I felt like the entire time I was on Joe Rogan's podcast, he was judging my nose, and I don't want to talk about it, but I don't want to talk about it.
So it's like one of those things where I feel like I could say too much or too little simultaneously.
It's weird that you know your ears aren't too big, but if somebody stretches your ears out just a little bit and makes them poke out of your hair, you're like, what the fuck?
What's going on with my ears?
The Photoshop thing is a weird thing.
It's weird that people could do that.
It's also weird that people use it to manipulate their own image.

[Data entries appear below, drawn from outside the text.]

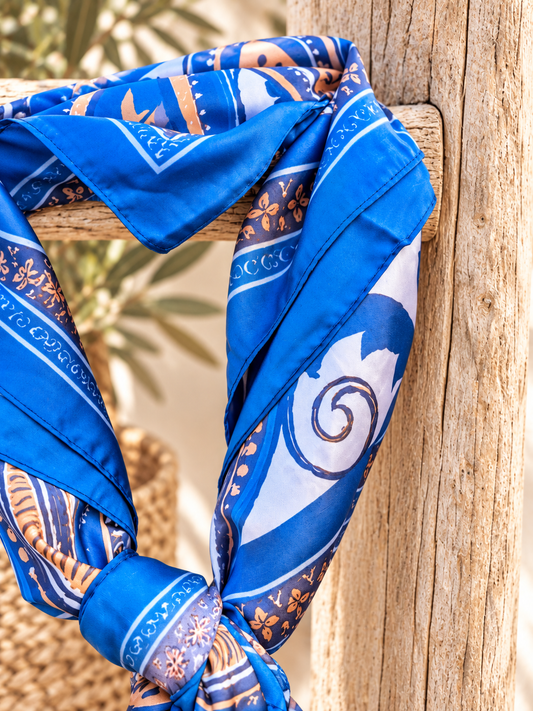 Le foulard femme effet soie bleu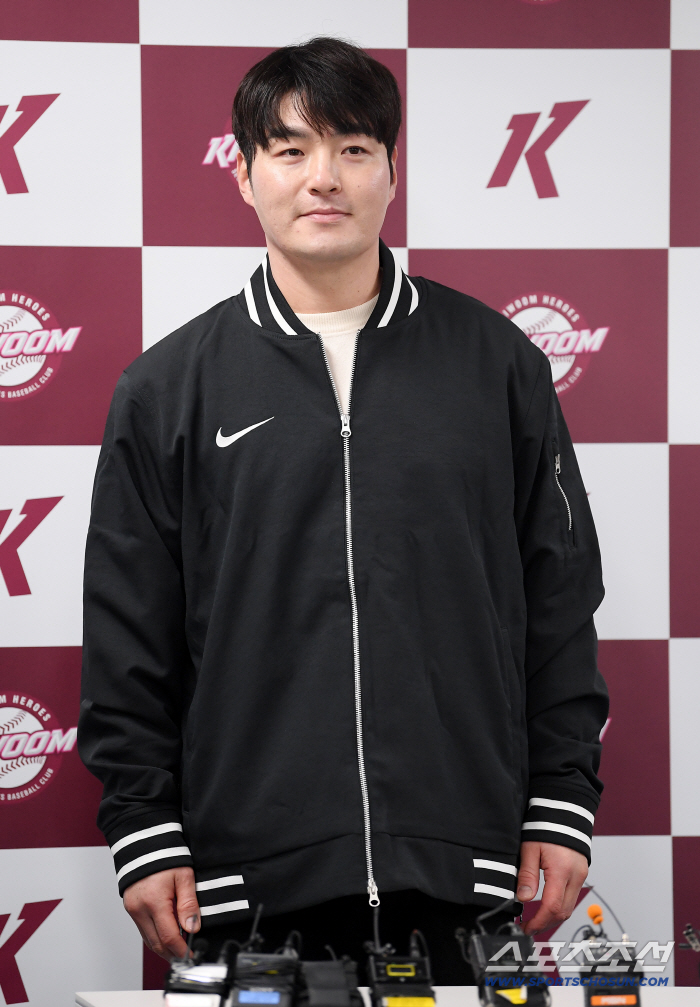 [포토] 잔류군 코치로 시작하는 키움 박병호 코치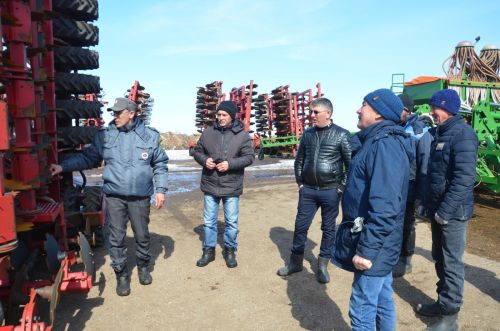 В районе определили готовность агропромышленных комплексов к весенне-полевым работам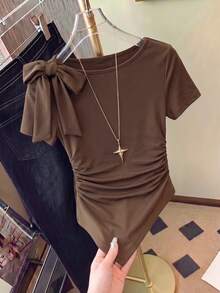 Women's Brown Off-Shoulder Bowknot Fitted T-Shirt With Ruched Waist And Asymmetric Hem, Sexy And Sweet Style, Suitable For Summer - Coffee Brown - View 5
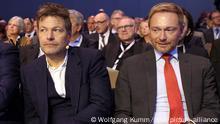 22.11.2018, Berlin: Christian Lindner (FDP, r), Vorsitzender und Robert Habeck (Bündnis90/Die Grünen), Vorsitzender, nehmen am Deutschen Arbeitgebertag 2018 teil. Foto: Wolfgang Kumm/dpa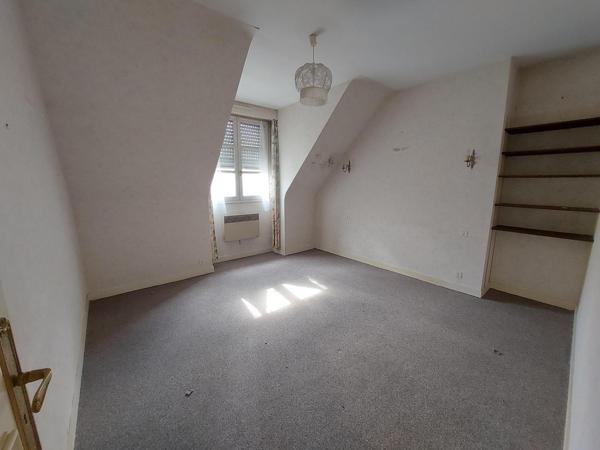 Maison 7 pièces de 218 m² à Laval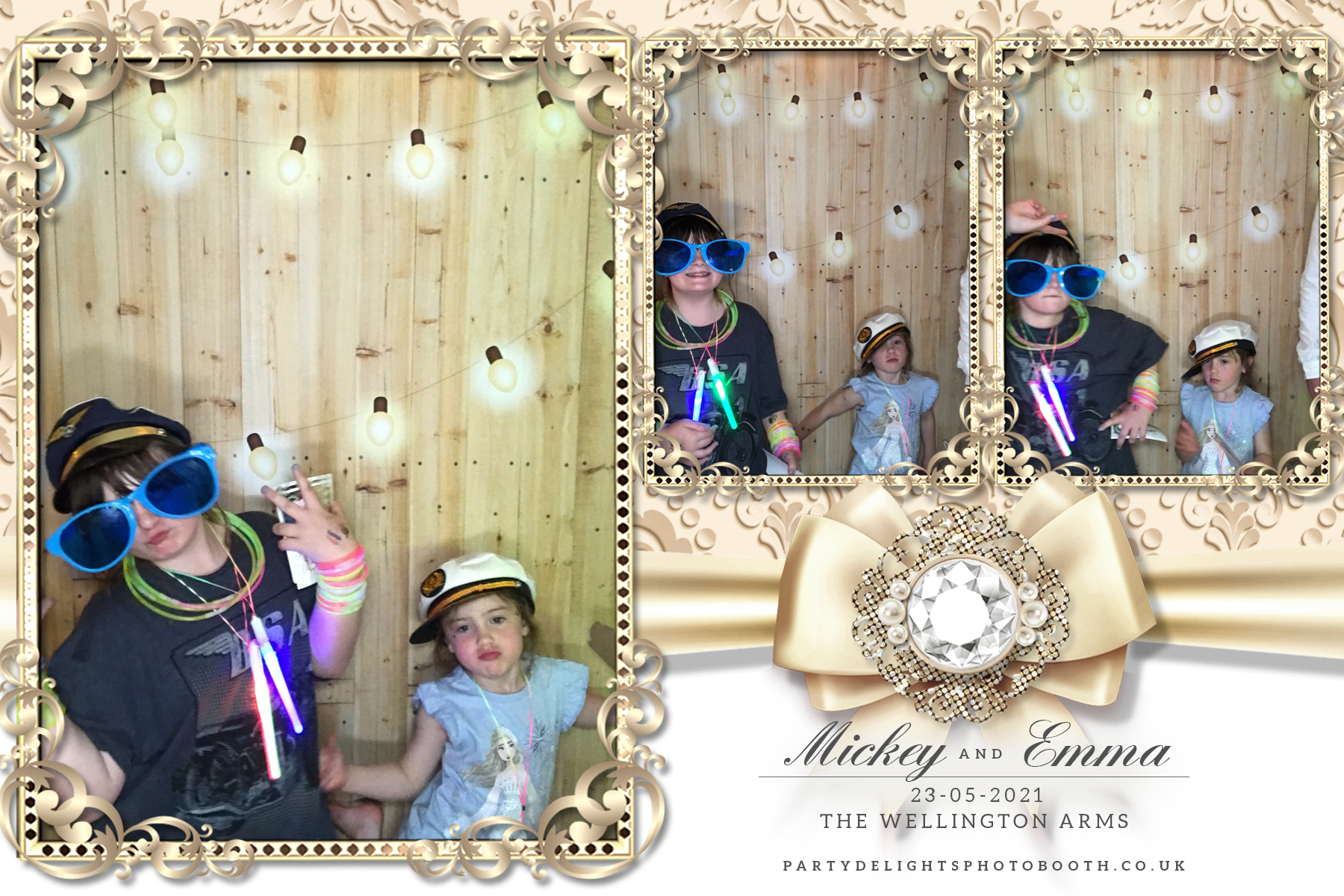 Emma's Wedding Day | View more photos from the event at gallery.partydelightsphotobooth.co.uk/u/PartyDelightsPhotoBooth/Emmas-Wedding-Day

I know a male comedian who smooths his skin out and does a glamour filter on his pictures.
Those things, the ability to manipulate faces and the Photoshop thing and what they do to models, you know, where they thin out their waist and widen their butts.
Have you seen those reality versus the Photoshop images?
I mean, we're going to get to a point very soon where actors are unnecessary.
Because if you look at some of the incredible CGI that they're able to do now, where they're so close to absolutely recreating a human being, they're not going to need actors, maybe voiceover actors.
And then even that, maybe they'll get to their point where their audio software can manipulate the human voice in the same way that you could do with music software, where you could use GarageBand and create songs without knowing any guitars.
I think my conception of acting is almost like comes from a theater world where it's like you put on a costume and then you go be a different person for two hours or whatever.
Like a theater movie amalgam.
But I shot this pilot recently And, you know, everything was shot out of order, as things are when they're shot.
And it kind of gave me this insight into like, oh, so much of the skill is just your ability to pick it up out of order and act it out, even though, you know, it's so piecemeal.
Maybe that is the difference between, you know, superstar, powerhouse, really compelling acting and just sort of average acting is that they really are living it versus they're acting it out in a moment.